Heterointerface engineering and piezoelectric effect enhanced performance of self-charging supercapacitors power cell

Abstract

Reasonable design of self-charging power cell (SCPC) is essentially significant to the development of wearable electronics devices owing to their ability to harvest/store energy in an integrated device. Herein, we propose a novel solid-state self-charging supercapacitor power cell (SCSPC) composed of NiCoP/NiCoN heterostructure as positive electrode and active carbon (AC) as negative electrode for energy storage and poly(vinylidene fluoride-co-trifluoroethylene)/barium titanate [P(VDF-TrFE)/BTO] piezo-film as separator to generate built-in piezoelectric field for energy harvesting. The homologous NiCoP/NiCoN heterostructure formed by in-situ phosphonitridation integrates the distinct advantages of optimized electronic structure and strong synergistic effect on heterointerface to realize efficient electron transport and fast reaction kinetics.

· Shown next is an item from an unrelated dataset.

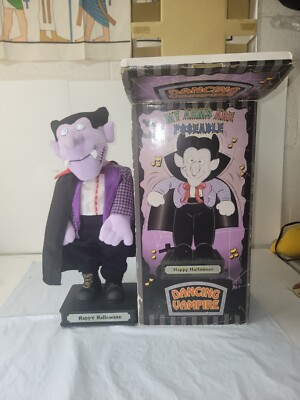 TLT Toys Poseble  Animated Vampire Moves Sings Trick or Treat Blues 18'' Tested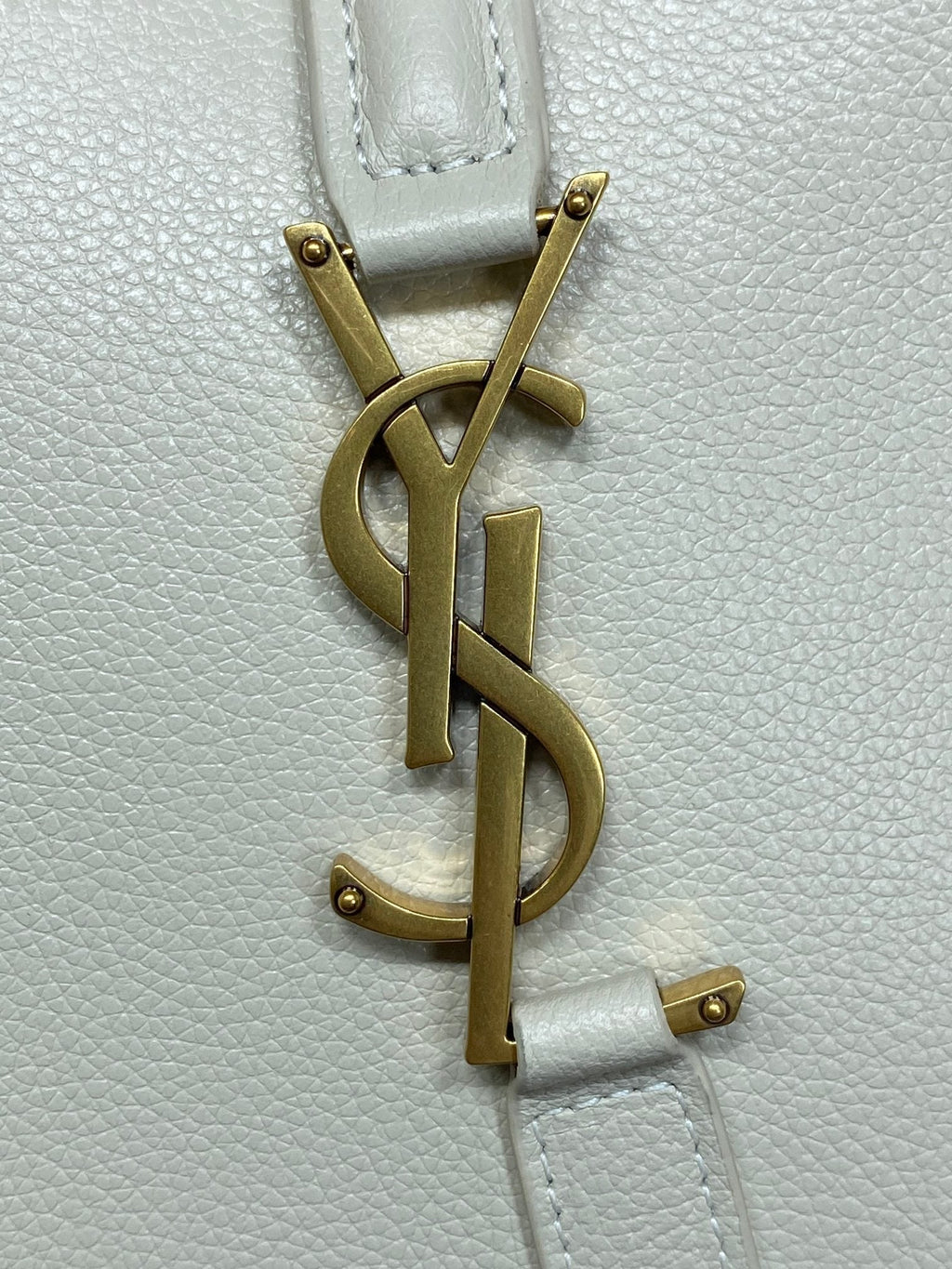 LE 5 À 7 LARGE SUPPLE BAG 31 IN WHITE CALFSKIN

The NiCoP/NiCoN heterostructure as self-supported electrode, achieves high capacitance of 3544 mF cm−2 (1772 F g−1) at the current density of 1 mA cm−2 and outstanding cycling stability. Benefiting from heterointerface engineering and piezoelectric effect, the SCSCP simultaneously exhibits excellent energy storage performance (a high energy density of 62.1 Wh kg−1 at 850 W kg−1) and superior self-charging characteristics (a self-charging voltage of 132 mV in 155 s). Our work provides a promising direction for the research of design and synthesis of heterointerface materials, as well as a new prospect for the development of the self-powered sustainable power sources.